His brother, Francis J. Szollosi, has been elected twice to serve on the Toledo City Council, and sits on the State Democratic Party Executive Committee. Szollosi was a four-time city councilman in Oregon, Ohio and is a partner with downtown Toledo lawfirm Cosme, D'Angelo & Szollosi Co., L.P.A.

==Ohio House of Representatives==
With incumbent Jeanine Perry unable to run for reelection due to term limits, Szollosi entered the race to replace her. Facing Republican Steve Hornyak in the general election, he won by 14,000 votes. Early in his first term, Szollosi was already being mentioned as a contender for Speaker of the House if Democrats were to win majority, as he proved to be a formidable fundraiser. Later on in the 2008 cycle, the Ohio Democratic Party endorsed the leadership team of Szollosi and Armond Budish to lead the next assembly's Democratic caucus.

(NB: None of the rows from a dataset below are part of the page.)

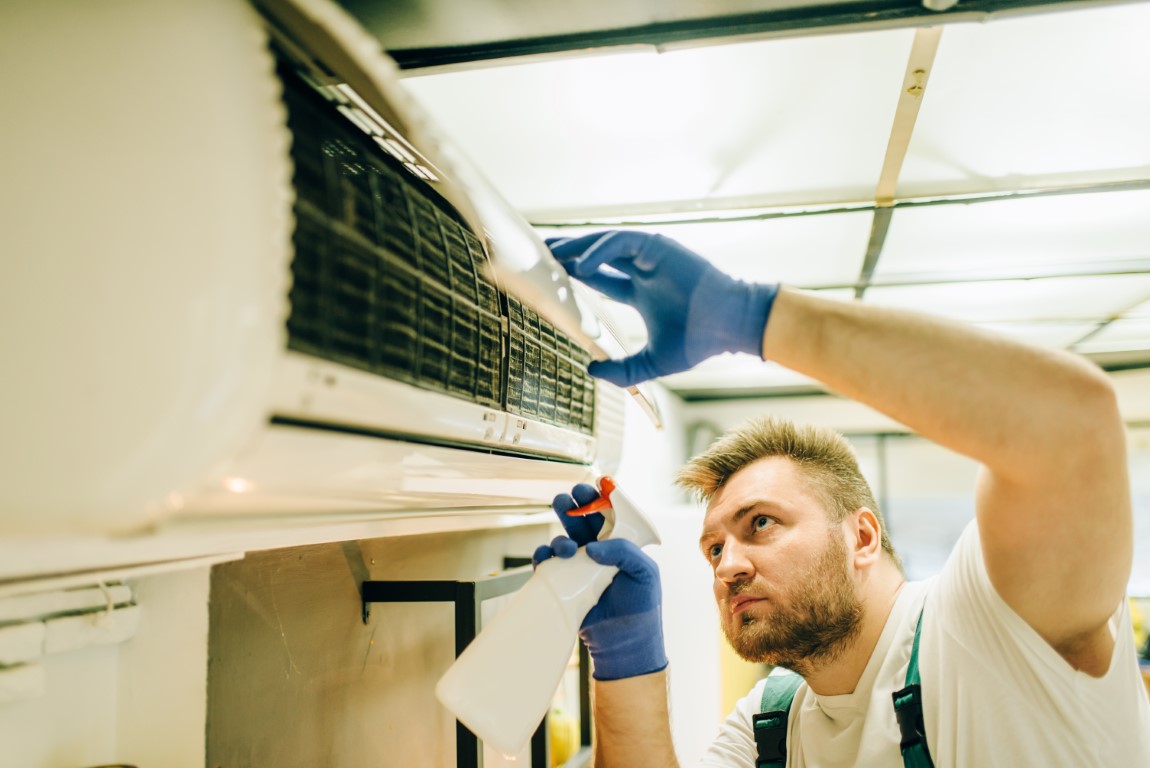 Técnico especializado en DAIKIN no oficial realizando servicio de aire acondicionado en Leganés.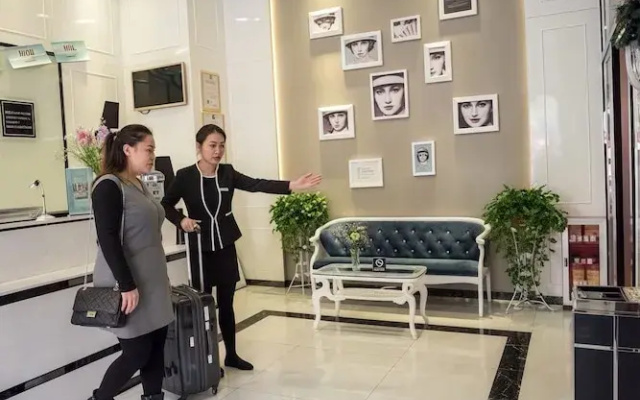 Xana Lite  (Guangzhou Haizhu  Metro Station Shixi)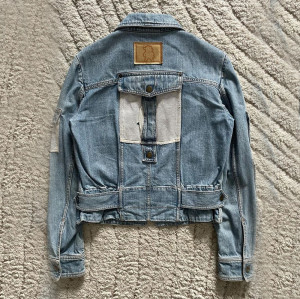 DiZNEW Premium Custom Denim Jackets | Low MOQ | Direct from Manufacturer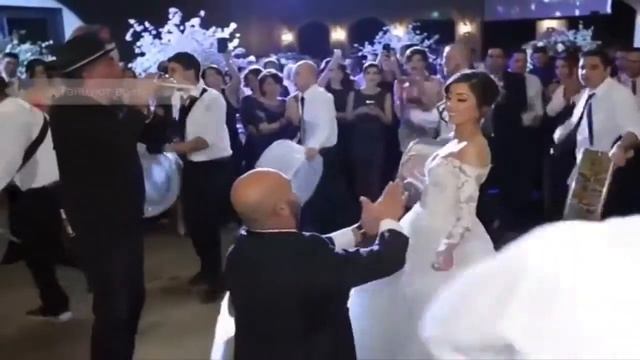 Целуй, целуй меня - Целуй целуй меня - Band ODESSA смотреть онлайн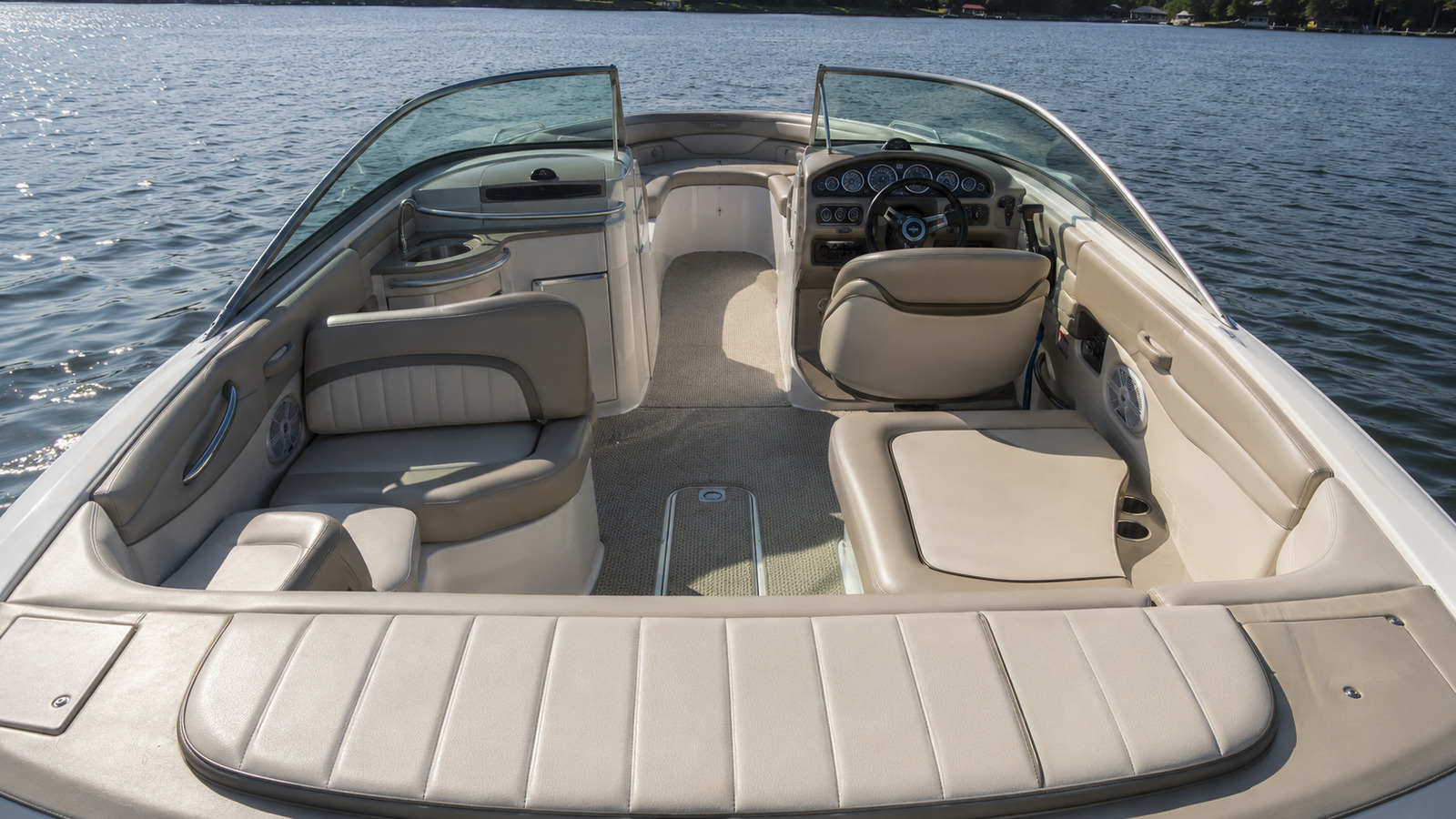 sea ray 240 sport cockpit to bow view 01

In his 2008 reelection campaign, Szollosi won against Jeff Wingate by 21,000 votes. Subsequently House Democrats regained the majority, and due to his fundraising prowess, Szollosi was named Speaker pro tempore behind Armond Budish.

In 2010, Szollosi again won an easy election against Republican Jeff Wingate by 11,000 votes. However, this time Republicans won the majority, and Szollosi served as assistant minority leader for the 129th General Assembly. He also served on the committees of Public Utilities, Rules and Reference, Commerce and Labor, Judiciary and Ethics, and as a member of the Joint Legislative Ethics Committee.

In 2012, Szollosi faced the toughest race of his career as a state representative ultimately winning by the narrowest margin of any of his previous races for state representative against Republican Dave Kissinger. Szollosi still received 65% of the vote. But only a few months into his two-year term, Szollosi announced he was resigning to take a job that required him to move from the Toledo area to Columbus.